_Task goal_
Copy, word for word, the lines below from the one containing "What To Do When" up to and including the one containing "Room for rent", with pictures left out.

_Given data_
******
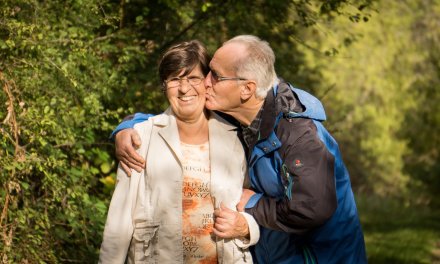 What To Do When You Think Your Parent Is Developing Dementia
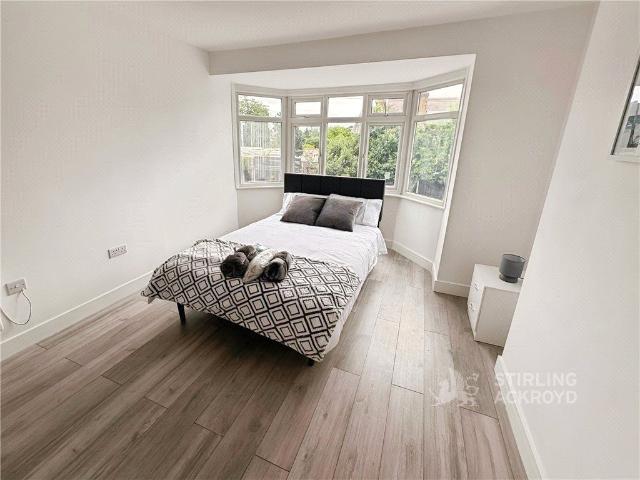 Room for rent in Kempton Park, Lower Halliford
******
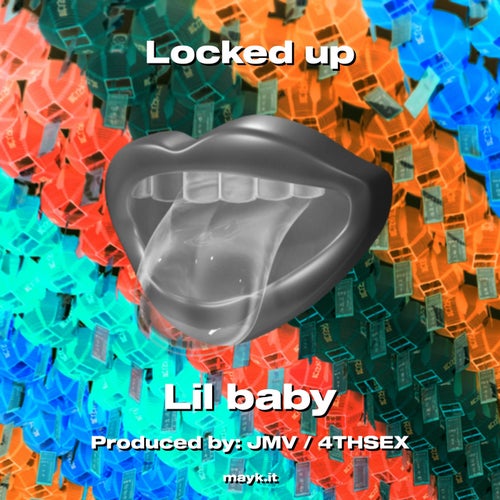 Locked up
******
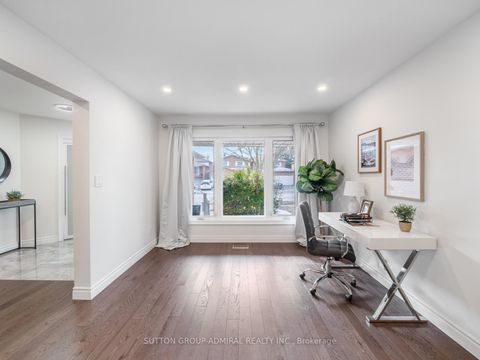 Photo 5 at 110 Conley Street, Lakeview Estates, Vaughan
******
_Exercise response_
 What To Do When You Think Your Parent Is Developing Dementia
 Room for rent in Kempton Park, Lower Halliford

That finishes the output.